The game I/O mechanism design
EDIT: Bummer! I should have posted this on the Games forum. I apologize. If some moderator would be so kind...
It came the time I'm wanting my game to do something. Have been designing most of the core and testing the classes in isolation. Now I need to actually move the player charater, look at a room, get an object from the floor, etc... And do this by simply typing the command in the prompt.
The game is console based. For IO operations I'm wanting to use ncurses (PDCurses to be accurate) so that I can take advantage of colors in the console. The reason being I want to minimize any work in porting it to Linux and Mac.
What I'm thinking doing is designing two singletons CPrompt, CParse.
CPrompt - responsible for IO operations. It wraps ncurses functionality, accepts input from the user, sends to CParse and waits for results. Outputs results to screen.

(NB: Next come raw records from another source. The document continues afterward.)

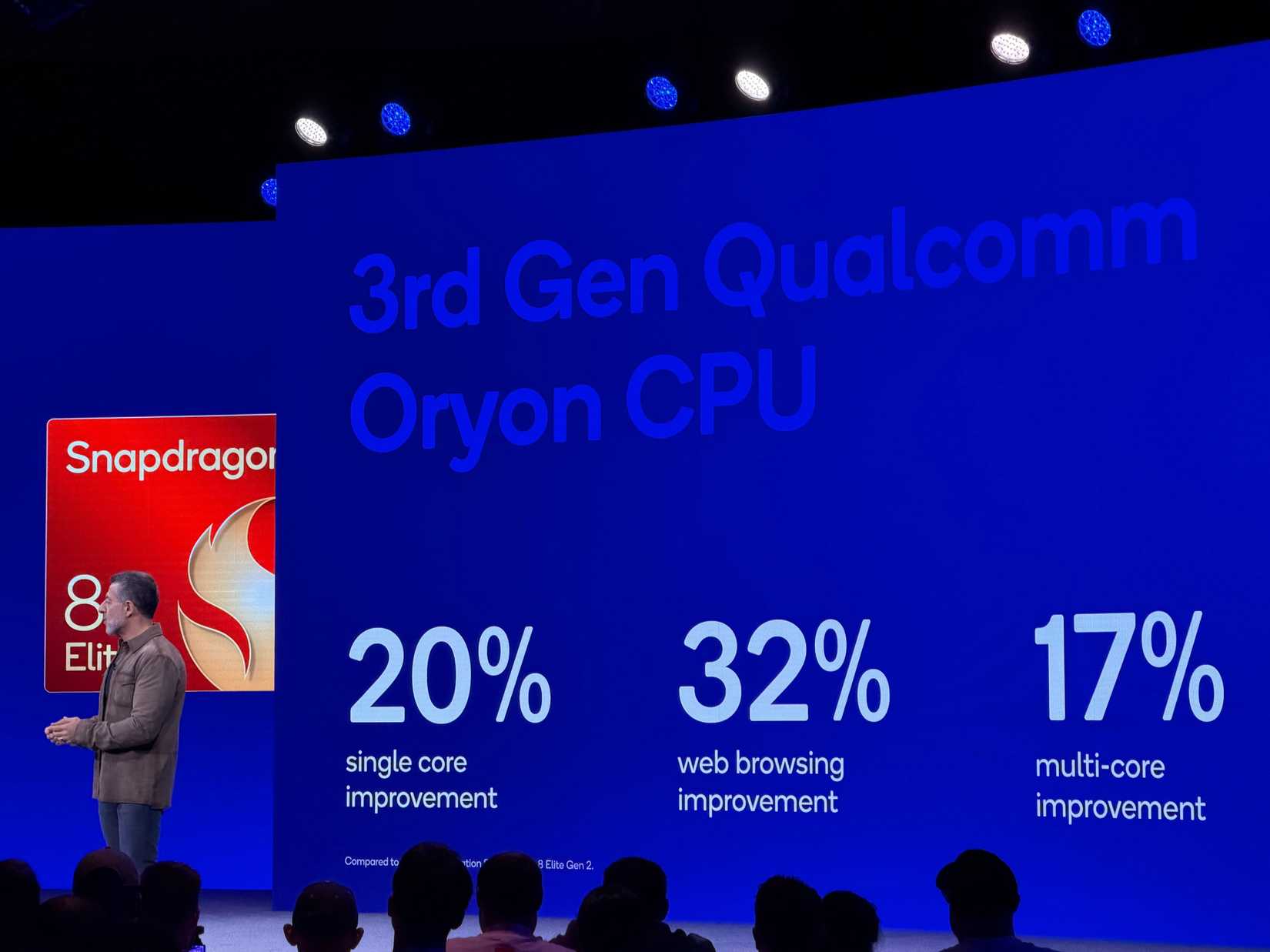Slide on Oryon on stage at Snapdragon Summit
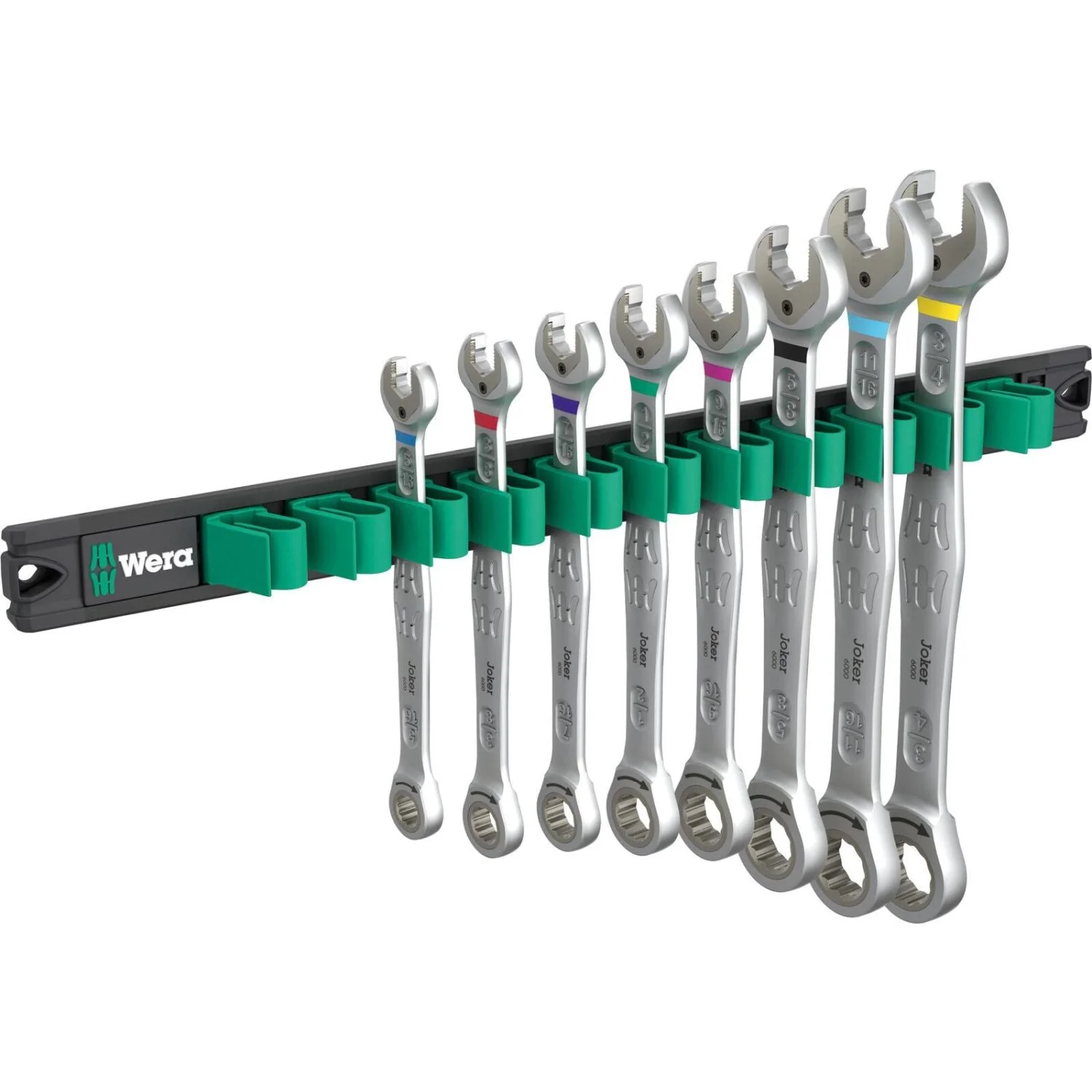 Wera 9632 Magnetic Rail 6000 Joker Imperial 1 Ratcheting Combination Wrenches Set, Imperial, 8-Pieces - Image 1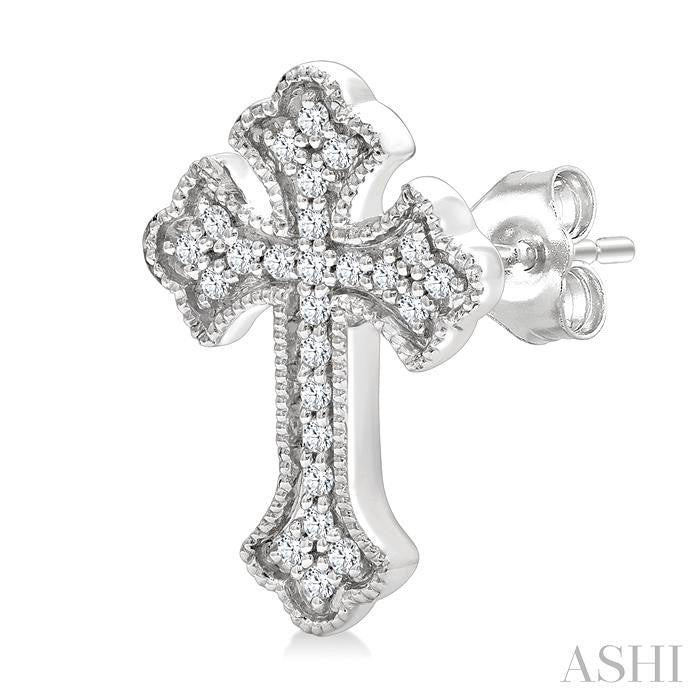 Cross Petite Diamond Fashion Earrings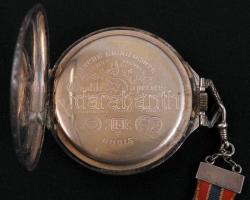 1893-1934 Chronometre Sabina svájci ezüst (Ag) art deco zsebóra duplasoros számlappal, másodpercmuta...
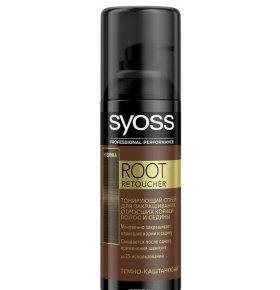 Тонирующий спрей для закрашивания отросших корней и седины оттенок Темно-каштановый Syoss Root Retoucher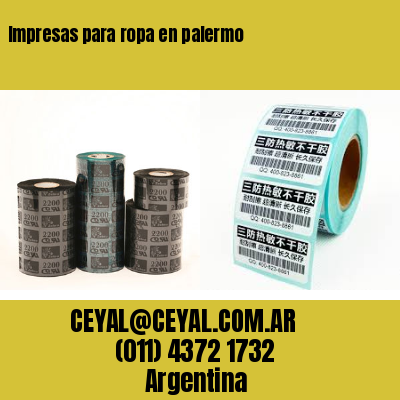 Impresas para ropa en palermo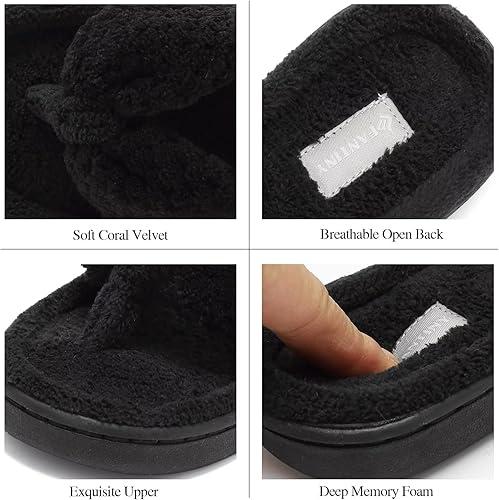 Women's Cozy Memory Foam Spa Thong Flip Flops House Indoor Slippers Plush Gridding Velvet Lining Clog Style-U1MTW017-0716 flat slipper Flipflop Girl Slide Footwear Walking Shoes Shoe Women Comfort Weight Weight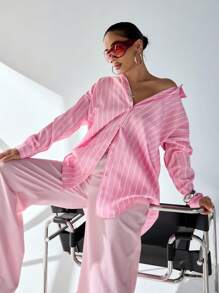 CasuGlow WOMAN BLUE AND WHITE LINED POPLIN BLOUSE - Pink - View 7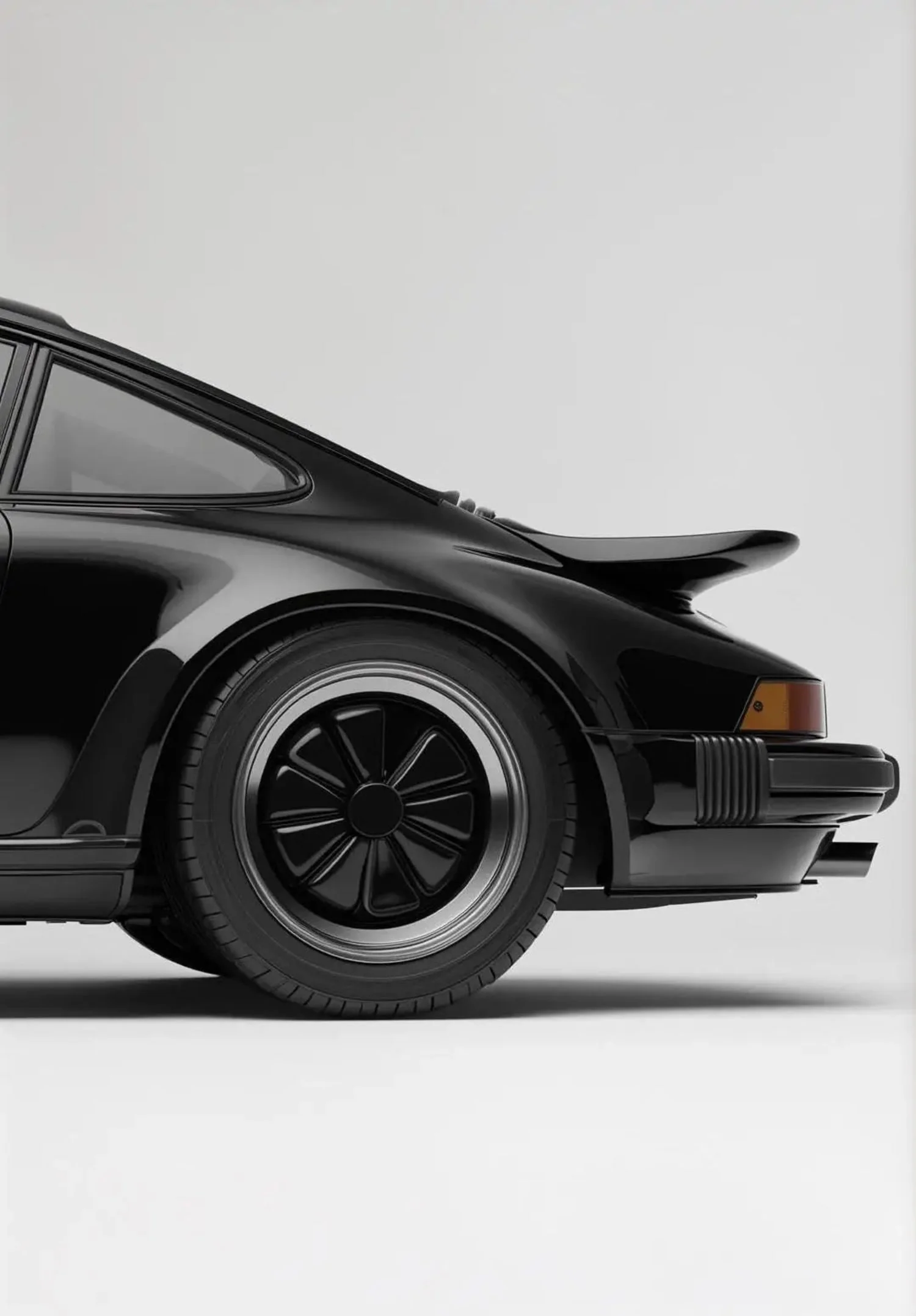 Classic Black Sports Car | Vintage Minimalist Design - Image 4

CParse - Parses commands, returns error or sends to correct objects for processing.
Various objects - Receive processing requests (calls to their interface) and send results back to CPrompt for output.
Graphically this looks like the image provided bellow.
However, I'm not sure of this design on a few points:
- CPrompt is supposed to wrap ncurses functionality, but by having the various object communicate directly to it, I'll be forced to provide ncurses functionality on the objects themselves. Or probably complicate my code by sending to CPrompt also the output format requirements.
- CParse seems to be doing too much; parsing the input and deciding on which objects to call. Is it better to provide some form of messaging system between CParse and the objects? And how would this be implemented. Links to reading material (books or web) would be enough if you don't want to spend much time on this point.
- By making CPrompt and Cparse singletons I'm thinking on the need of having these two object in memory at all times. There is of course only one prompt. But CParse is less obvious as a good candidate for a singleton class. It's the fact that it will be staying in memory at all times that moves me into making it a singleton. However, should it be ever-present? Is it more logical to have it be destroyed after each parsing?
I would really love your help on this. Understanding the programming language is becoming less of a challenge as time moves on, but applying this knowledge is the real challenge.